To clarify your question: you seek to implement the rental threading model in C#. A brief explanation of different ways to handle concurrent access to an object would likely be helpful.
Single-threaded: all accesses to the object must happen on the main thread.
Free-threaded: any access to the object may happen on any thread; the developer of the object is responsible for ensuring the internal consistency of the object. The developer of the code consuming the object is responsible for ensuring that "external consistency" is maintained. (For example, a free-threaded dictionary must maintain its internal state consistently when adds and removes happen on multiple threads.

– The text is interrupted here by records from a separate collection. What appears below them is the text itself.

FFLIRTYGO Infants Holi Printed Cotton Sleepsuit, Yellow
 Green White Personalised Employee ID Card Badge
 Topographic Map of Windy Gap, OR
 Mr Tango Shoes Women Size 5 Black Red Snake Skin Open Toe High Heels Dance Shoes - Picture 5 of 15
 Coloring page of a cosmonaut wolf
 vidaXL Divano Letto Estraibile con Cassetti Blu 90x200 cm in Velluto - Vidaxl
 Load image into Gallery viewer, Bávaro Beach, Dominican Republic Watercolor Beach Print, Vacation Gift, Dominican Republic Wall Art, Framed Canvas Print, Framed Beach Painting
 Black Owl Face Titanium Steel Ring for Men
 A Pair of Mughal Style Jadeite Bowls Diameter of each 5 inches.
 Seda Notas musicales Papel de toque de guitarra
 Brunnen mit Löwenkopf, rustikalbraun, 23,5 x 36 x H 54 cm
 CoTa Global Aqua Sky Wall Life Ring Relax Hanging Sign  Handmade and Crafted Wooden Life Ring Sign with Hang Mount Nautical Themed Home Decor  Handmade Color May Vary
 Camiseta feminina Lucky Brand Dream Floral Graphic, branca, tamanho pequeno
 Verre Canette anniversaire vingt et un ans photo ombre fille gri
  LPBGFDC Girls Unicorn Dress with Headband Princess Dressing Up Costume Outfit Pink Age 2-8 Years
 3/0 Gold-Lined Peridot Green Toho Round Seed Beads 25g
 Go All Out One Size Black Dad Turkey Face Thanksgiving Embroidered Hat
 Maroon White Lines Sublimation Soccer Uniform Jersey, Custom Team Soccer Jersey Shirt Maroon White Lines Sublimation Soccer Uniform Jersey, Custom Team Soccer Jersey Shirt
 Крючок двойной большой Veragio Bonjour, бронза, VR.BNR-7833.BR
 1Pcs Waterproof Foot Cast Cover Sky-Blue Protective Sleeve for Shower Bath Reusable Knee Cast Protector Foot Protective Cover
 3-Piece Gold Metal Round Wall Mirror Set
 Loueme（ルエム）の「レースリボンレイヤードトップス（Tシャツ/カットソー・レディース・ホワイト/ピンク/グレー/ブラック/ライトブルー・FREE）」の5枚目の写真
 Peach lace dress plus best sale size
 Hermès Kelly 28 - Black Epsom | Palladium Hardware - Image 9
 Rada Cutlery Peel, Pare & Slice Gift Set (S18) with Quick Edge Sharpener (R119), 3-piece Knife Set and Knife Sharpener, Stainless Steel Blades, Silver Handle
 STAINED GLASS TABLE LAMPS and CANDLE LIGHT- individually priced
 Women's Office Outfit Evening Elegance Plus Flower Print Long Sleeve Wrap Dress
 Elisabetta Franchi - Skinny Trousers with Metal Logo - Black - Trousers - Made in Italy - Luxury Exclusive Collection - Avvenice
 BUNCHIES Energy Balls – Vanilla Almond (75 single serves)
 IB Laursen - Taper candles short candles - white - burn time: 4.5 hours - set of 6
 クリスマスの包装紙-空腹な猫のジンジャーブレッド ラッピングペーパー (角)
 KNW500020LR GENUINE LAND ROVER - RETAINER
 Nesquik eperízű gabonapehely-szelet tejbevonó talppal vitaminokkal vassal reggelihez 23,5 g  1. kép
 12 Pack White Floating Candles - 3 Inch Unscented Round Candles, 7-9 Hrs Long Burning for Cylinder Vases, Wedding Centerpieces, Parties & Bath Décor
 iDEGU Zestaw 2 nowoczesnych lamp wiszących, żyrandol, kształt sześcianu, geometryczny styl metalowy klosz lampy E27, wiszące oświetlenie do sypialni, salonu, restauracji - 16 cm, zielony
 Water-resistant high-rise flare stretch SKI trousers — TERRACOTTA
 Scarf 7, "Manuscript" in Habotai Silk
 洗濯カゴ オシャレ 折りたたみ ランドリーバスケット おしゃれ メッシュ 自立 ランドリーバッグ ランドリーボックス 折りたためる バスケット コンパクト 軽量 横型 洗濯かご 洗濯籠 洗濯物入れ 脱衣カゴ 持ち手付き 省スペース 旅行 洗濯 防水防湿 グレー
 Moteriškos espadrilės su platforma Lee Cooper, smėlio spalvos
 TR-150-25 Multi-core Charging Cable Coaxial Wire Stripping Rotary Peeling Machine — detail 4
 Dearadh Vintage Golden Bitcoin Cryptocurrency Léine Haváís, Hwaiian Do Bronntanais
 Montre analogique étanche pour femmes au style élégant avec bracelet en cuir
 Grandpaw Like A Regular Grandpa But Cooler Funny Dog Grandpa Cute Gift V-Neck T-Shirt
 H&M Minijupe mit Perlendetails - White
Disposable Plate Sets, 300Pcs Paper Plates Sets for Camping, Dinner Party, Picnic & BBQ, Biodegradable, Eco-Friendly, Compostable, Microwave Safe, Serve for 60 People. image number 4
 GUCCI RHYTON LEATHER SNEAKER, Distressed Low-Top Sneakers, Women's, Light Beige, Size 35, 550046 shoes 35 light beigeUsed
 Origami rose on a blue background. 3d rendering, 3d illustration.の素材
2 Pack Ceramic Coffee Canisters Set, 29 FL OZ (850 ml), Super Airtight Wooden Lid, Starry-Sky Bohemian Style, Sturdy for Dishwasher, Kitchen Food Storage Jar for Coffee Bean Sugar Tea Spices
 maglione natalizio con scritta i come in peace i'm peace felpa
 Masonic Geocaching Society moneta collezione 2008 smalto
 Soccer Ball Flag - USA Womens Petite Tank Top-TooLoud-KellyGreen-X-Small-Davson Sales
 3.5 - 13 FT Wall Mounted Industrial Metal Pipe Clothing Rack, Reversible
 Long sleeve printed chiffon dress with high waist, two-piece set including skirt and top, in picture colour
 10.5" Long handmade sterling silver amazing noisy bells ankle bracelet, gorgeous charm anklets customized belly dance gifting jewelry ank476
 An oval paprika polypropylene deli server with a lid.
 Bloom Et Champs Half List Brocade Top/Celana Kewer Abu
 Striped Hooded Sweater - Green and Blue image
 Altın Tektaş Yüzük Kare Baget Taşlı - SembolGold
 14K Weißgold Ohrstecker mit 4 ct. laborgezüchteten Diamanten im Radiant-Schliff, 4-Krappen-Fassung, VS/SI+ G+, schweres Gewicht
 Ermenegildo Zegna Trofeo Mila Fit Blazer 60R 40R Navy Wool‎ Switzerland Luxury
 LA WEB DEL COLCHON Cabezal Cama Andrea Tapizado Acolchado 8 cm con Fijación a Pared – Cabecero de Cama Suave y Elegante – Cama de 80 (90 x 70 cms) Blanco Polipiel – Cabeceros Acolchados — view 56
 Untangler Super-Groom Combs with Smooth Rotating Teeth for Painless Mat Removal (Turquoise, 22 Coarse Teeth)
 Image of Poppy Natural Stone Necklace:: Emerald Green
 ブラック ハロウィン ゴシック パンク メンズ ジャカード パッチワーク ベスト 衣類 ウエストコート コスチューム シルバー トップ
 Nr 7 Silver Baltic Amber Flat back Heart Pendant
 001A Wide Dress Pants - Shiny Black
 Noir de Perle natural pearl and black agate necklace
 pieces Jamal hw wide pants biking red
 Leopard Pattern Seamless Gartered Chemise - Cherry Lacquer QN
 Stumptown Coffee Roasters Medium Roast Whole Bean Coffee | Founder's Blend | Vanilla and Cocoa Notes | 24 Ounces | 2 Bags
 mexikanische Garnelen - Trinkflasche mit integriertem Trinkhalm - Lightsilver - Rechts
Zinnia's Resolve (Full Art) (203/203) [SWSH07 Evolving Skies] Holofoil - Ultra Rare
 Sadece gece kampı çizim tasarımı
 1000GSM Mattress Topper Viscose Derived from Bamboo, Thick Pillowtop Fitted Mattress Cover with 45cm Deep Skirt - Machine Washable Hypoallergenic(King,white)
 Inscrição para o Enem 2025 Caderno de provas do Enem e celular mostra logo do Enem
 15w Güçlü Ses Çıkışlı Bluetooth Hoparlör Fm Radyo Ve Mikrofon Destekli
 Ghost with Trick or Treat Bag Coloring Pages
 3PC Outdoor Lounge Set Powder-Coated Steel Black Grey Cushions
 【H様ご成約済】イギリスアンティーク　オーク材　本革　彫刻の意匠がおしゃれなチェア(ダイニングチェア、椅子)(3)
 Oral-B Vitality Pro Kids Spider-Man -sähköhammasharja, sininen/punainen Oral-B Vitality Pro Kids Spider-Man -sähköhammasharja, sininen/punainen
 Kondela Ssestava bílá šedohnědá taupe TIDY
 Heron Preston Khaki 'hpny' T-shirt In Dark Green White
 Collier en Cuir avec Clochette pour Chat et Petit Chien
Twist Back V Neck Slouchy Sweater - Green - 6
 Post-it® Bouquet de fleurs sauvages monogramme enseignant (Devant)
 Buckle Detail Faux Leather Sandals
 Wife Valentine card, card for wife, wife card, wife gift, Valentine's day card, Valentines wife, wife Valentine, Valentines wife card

An external caller must recognize that the answer to the question "do you contain this key?" might change due to an edit from another thread.)
Apartment threaded: all accesses to a given instance of an object must happen on the thread that created the object, but different instances can be affinitized to different threads. The developer of the object must ensure that internal state which is shared between objects is safe for multithreaded access but state which is associated with a given instance will only ever be read or written from a single thread. Typically UI controls are apartment threaded and must be in the apartment of the UI thread.
Rental threaded: access to a given instance of an object must happen from only a single thread at any one time, but which thread that is may change over time
So now let's consider some questions that you should be asking:
Is the rental model a reasonable way to simplify my life, as the author of an object?
Possibly.
The point of the rental model is to achieve some of the benefits of multithreading without taking on the cost of implementing and testing a free-threaded model. Whether those increased benefits and lowered costs are a good fit, I don't know. I personally am skeptical of the value of shared memory in multithreaded situations; I think the whole thing is a bad idea. But if you're bought into the crazy idea that multiple threads of control in one program modifying shared memory is goodness, then maybe the rental model is for you.
The code you are writing is essentially an aid to the caller of your object to make it easier for the caller to obey the rules of the rental model and easier to debug the problem when they stray. By providing that aid to them you lower their costs, at some moderate increase to your own costs.
The idea of implementing such an aid is a good one. The original implementations of VBScript and JScript at Microsoft back in the 1990s used a variation on the apartment model, whereby a script engine would transit from a free-threaded mode into an apartment-threaded mode. We wrote a lot of code to detect callers that were violating the rules of our model and produce errors immediately, rather than allowing the violation to produce undefined behaviour at some unspecified point in the future.
Is my code correct?
No. It's not threadsafe! The code that enforces the rental model and detects violations of it cannot itself assume that the caller is correctly using the rental model! You need to introduce memory barriers to ensure that the various threads reading and writing your lock bools are not moving those reads and writes around in time. Your Own method is chock full of race conditions. This code needs to be very, very carefully designed and reviewed by an expert.
My recommendation - assuming again that you wish to pursue a shared memory multithreaded solution at all - is to eliminate the redundant bool; if the object is unowned then the owner should be null. I don't usually advocate a low-lock solution, but in this case you might consider looking at Interlocked.CompareExchange to do an atomic compare-and-swap on the field with a new owner. If the compare to null fails then the user of your API has a race condition which violates the rental model. This introduces a memory barrier.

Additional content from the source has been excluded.